▶ _Your instructions_
Once you reach the line with "Different colored columns" below, copy each line exactly, stopping after the line with "Now some things", and skip any pictures.

▶ _Dataset_
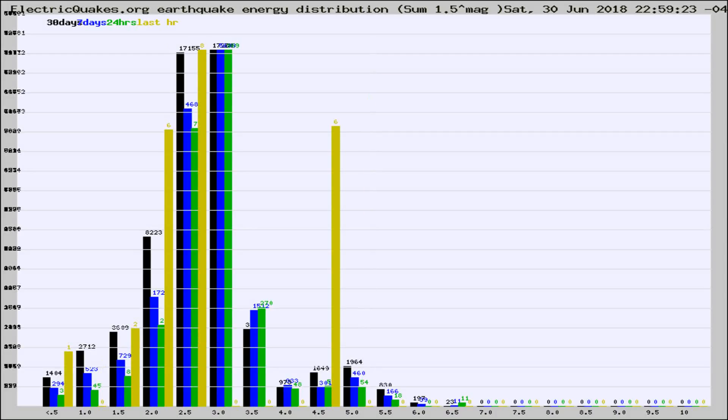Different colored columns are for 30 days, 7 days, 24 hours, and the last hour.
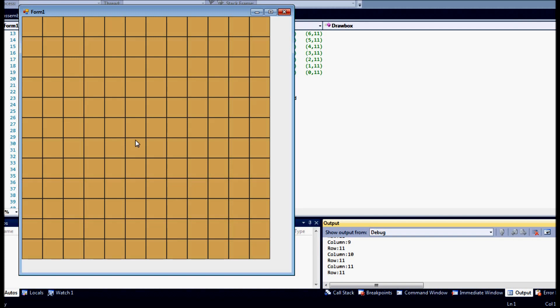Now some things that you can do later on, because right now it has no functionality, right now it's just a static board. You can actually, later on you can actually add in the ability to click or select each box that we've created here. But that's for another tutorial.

---

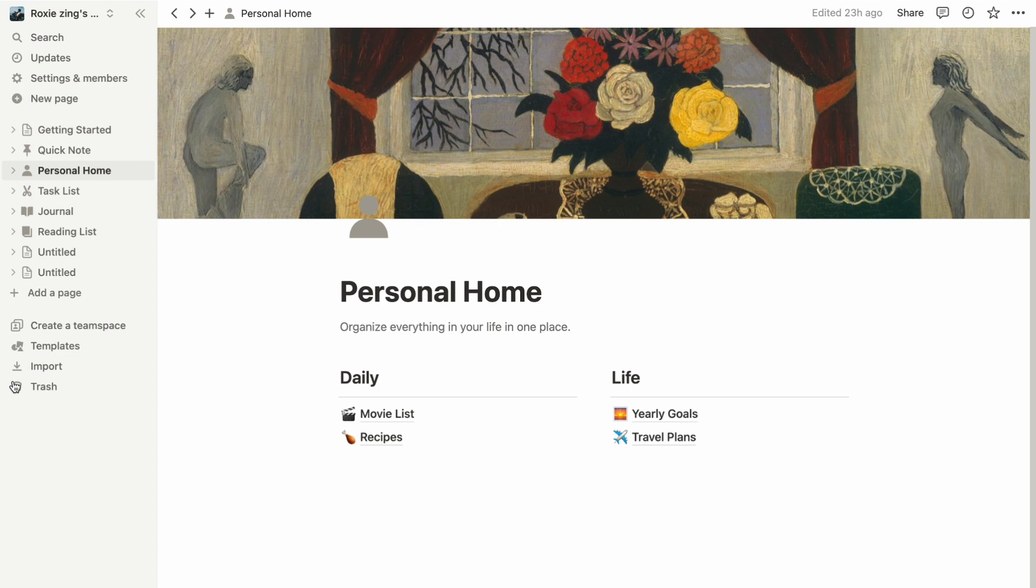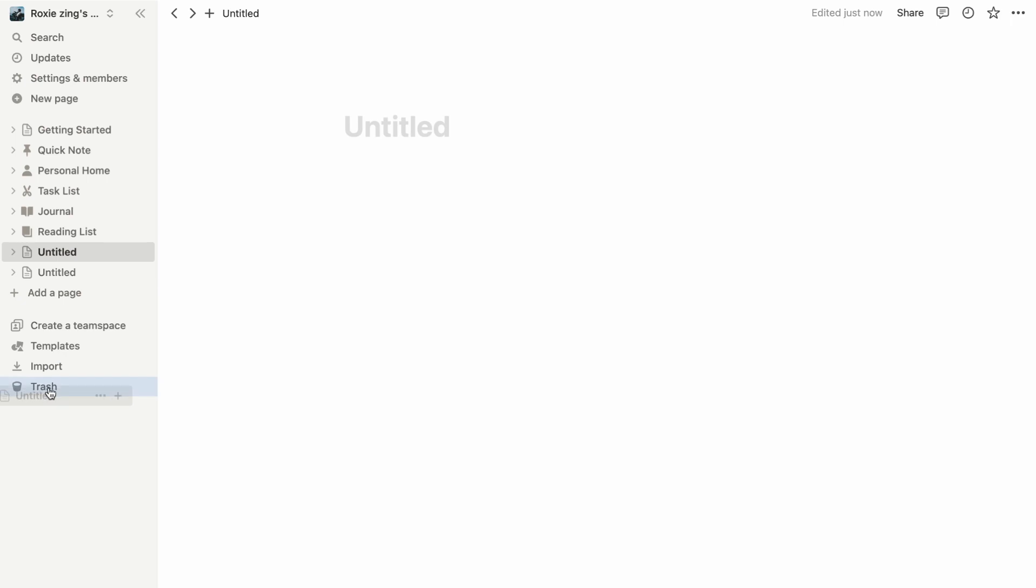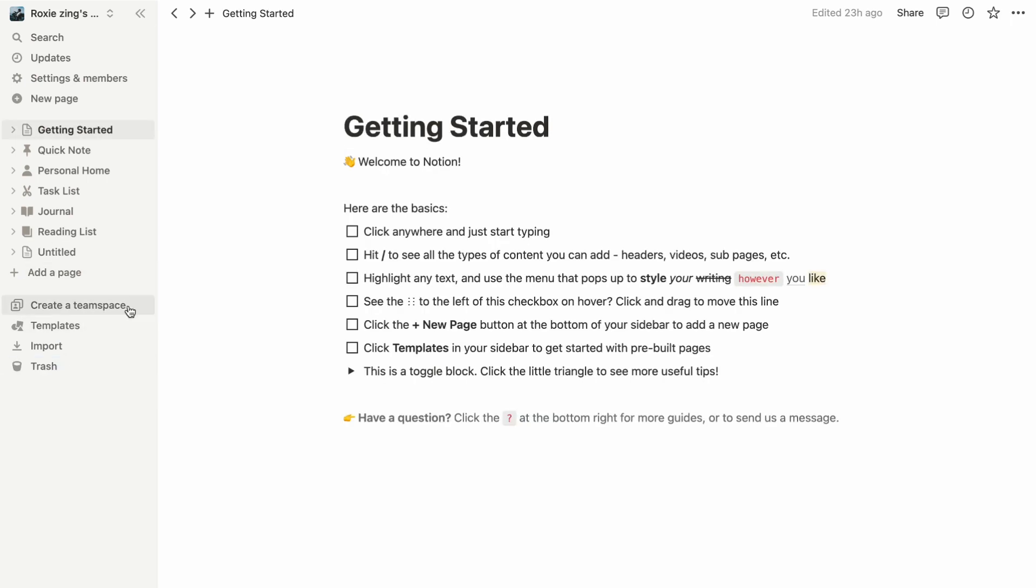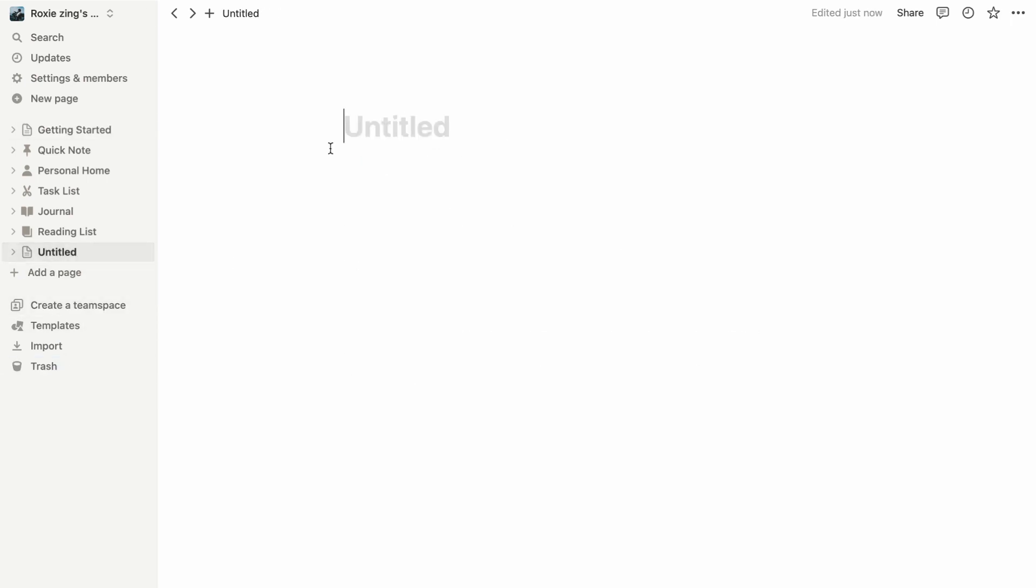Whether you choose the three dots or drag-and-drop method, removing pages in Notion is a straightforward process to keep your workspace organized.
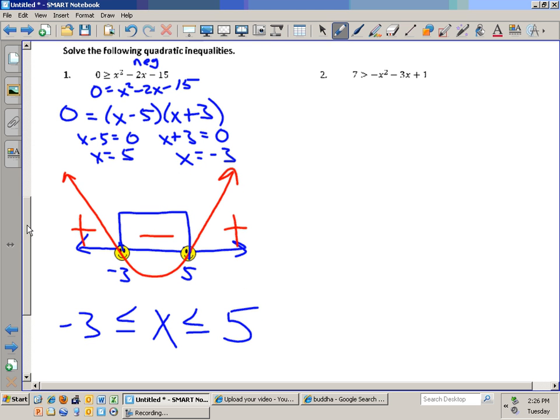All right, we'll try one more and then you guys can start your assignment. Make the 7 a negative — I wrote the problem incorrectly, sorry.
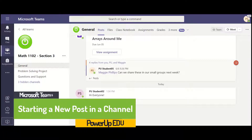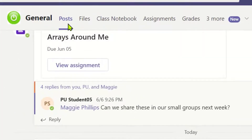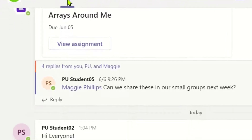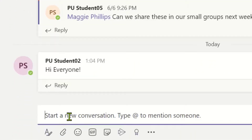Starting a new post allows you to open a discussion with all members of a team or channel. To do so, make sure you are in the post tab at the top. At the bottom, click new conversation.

...

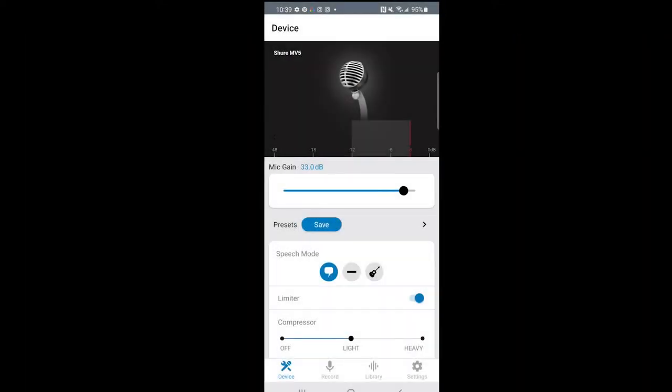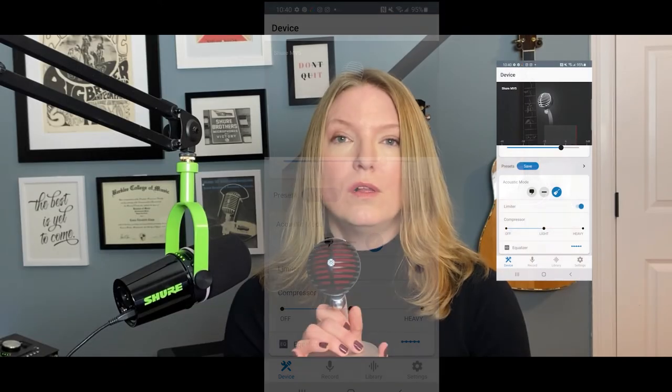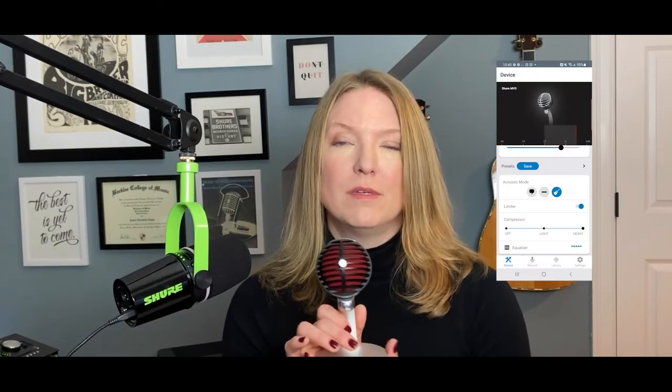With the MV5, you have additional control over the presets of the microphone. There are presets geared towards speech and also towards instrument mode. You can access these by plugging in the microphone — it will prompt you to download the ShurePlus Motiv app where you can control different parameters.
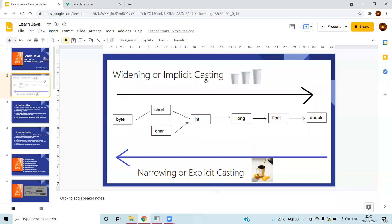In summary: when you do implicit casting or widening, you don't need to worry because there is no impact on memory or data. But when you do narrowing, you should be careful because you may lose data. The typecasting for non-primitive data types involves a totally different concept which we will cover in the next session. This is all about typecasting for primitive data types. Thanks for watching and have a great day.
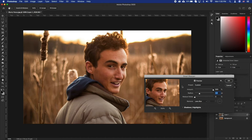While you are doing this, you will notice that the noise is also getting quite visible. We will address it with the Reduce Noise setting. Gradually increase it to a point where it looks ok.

▶ _Answer section_
Different colored columns are for 30 days, 7 days, 24 hours, and the last hour.
Now some things that you can do later on, because right now it has no functionality, right now it's just a static board. You can actually, later on you can actually add in the ability to click or select each box that we've created here. But that's for another tutorial.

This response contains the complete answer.